Monkey Mountain is simultaneously the world’s worst zoo (and I’ve been to the Heads of Ayr farm park) and one of the greatest. OK it’s basically a collection of farm buildings, a wood and a pond with 3 different animals. They have ducks which you can feed. They have Cranes (with nests built over the house) which you can look at through binoculars.
And they have MONKEYS* which you can hand feed!
You buy a ticket for a trifling sum (considering you get to FEED the MONKEYS) which gets you into a fenced off area of forest which is full of monkeys. On entering you are given a handful of popcorn and then left to follow a circular path round the forest (about a ten minute amble). Hand feeding monkeys. There are old monkeys, young monkeys and baby monkeys. You are not allowed to stray from the path but the monkeys are and they alternate their time between playing with each other, looking after their young and playing with the tourists.
Once you have completed your circuit you can go round again if you want and get more food, it doesn’t cost any extra! The girls went round FIVE times. They had to be forcibly restrained from stuffing one of the smaller monkeys into a pannier and making off with him.
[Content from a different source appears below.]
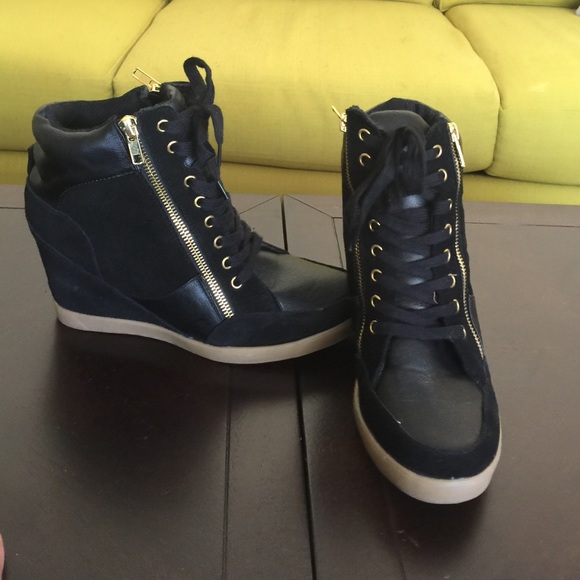 Steve Madden Wedge boots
After this we stumble into the heat of the day from the relative shade of the monkey forest and cycled via Uhldingen (lunch in a bakery) for a visit to a museum about the Bodensee area in the Stone age. We’ve been to a lot of museums in our time, last year we spent a week on Orkney which is essentially a world class Neolithic museum in itself so I wasn’t expecting too much from the stilted housing museum but it was ace.
You enter through a circular room whose walls are made up entirely of screens bleeding seamlessly into the floor giving you the impression you are part of the dive that originally found the remains. Then this film changes into a film about life in the houses until the doors open (different ones to the ones you entered through) leading you into a re-creation of the village.
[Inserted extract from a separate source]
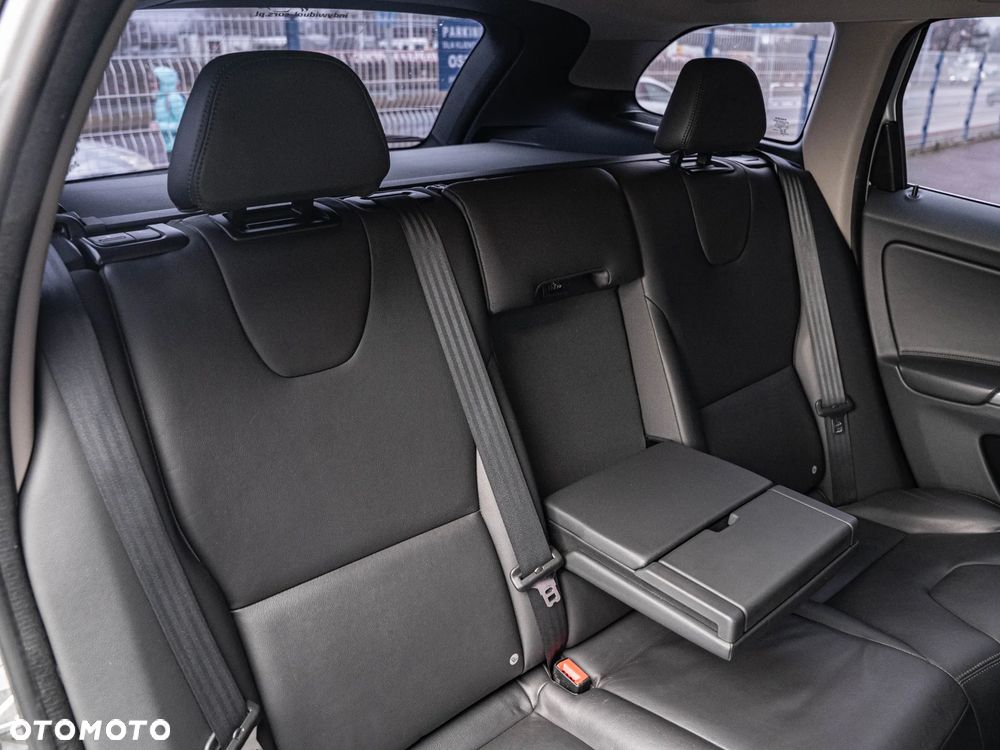 Volvo XC 60 D4 Geartronic Summum - 28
There are numerous ‘hands on exhibitions’ giving you a chance to make everything from stone age trolleys to Neolithic spears and flint tools and we can grasp most of the explanations and boards even though a lot of it is German.
We’ve had quite a few experiences in Germany where we have ben helped by the kindness of strangers so when, as we enter the village, a woman asks me to help fix her phone I feel obliged to reciprocate and the encounter leads me to suspect that we weren’t just lucky in our previous encounters. She asked me to help as obviously I exude a knowledge of technology and when she discovered I was English just seamlessly switched language and handed me her phone whilst explaining the problem. This just doesn’t happen in the UK at least not with the same level of expectation and I think that’s a shame. Anyway I spent a good 15 minutes trying to buy her a parking ticket on her phone, then on mine. Then on Suzy’s. Then I made my excuses and left. I think she ended up getting a fine.
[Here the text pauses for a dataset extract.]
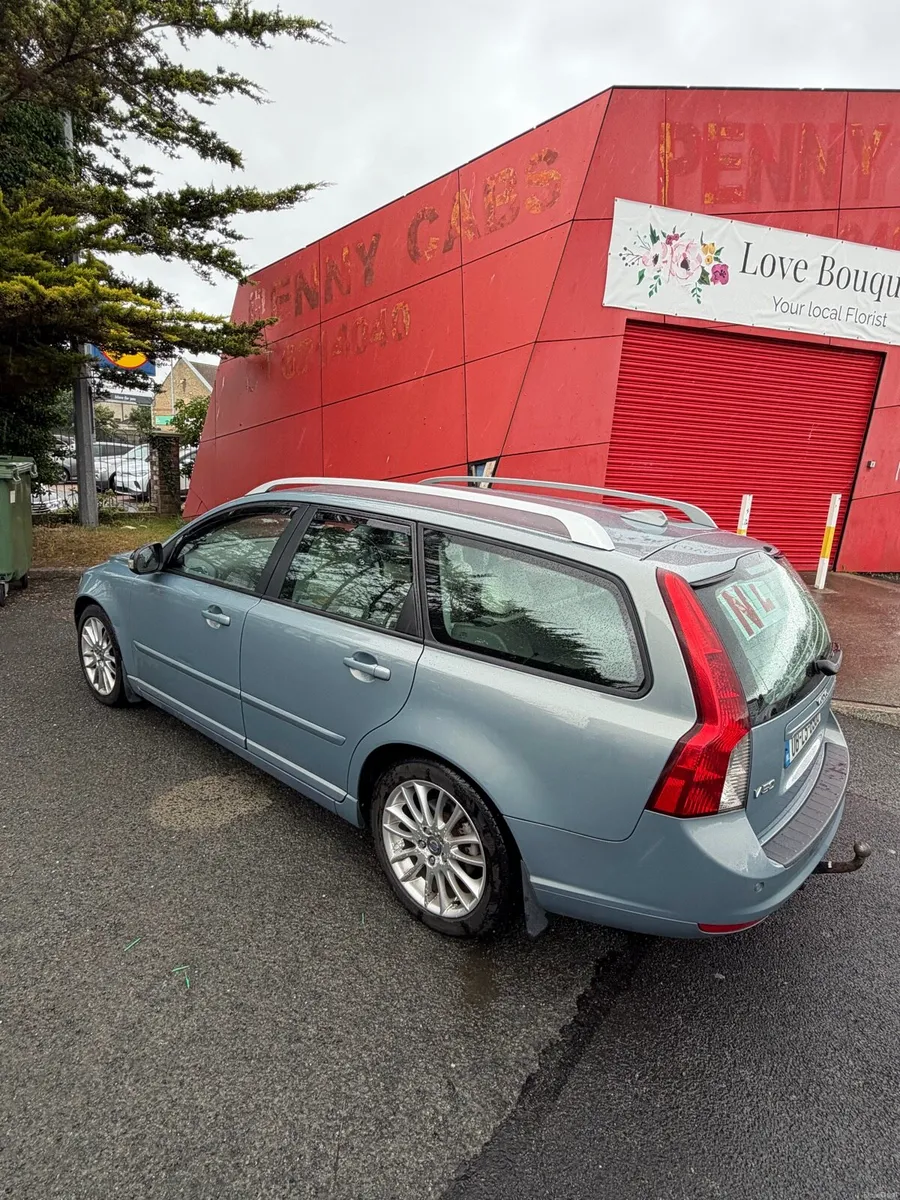 2008 VOLVO V50 - Image 2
(We once stopped on the motorway in the UK to offer a lift to a woman walking away from a broken down car. She wasn’t wearing a coat. The rain was hammering down and she was having to walk bent forward against the wind. “Do you want a lift? Suzy asked.
“No.” she replied.
Yes she did.)
Of course it is also possible I am trying to draw conclusions from two interactions and extrapolate them to define two nations’ psyches which is a bit of a leap even for me.
So back to Uberlingen via a quick swim in the lake. I really need to live nearer water.
Warm water, not the Clyde.
*Not actually monkeys, actually Barbary Apes.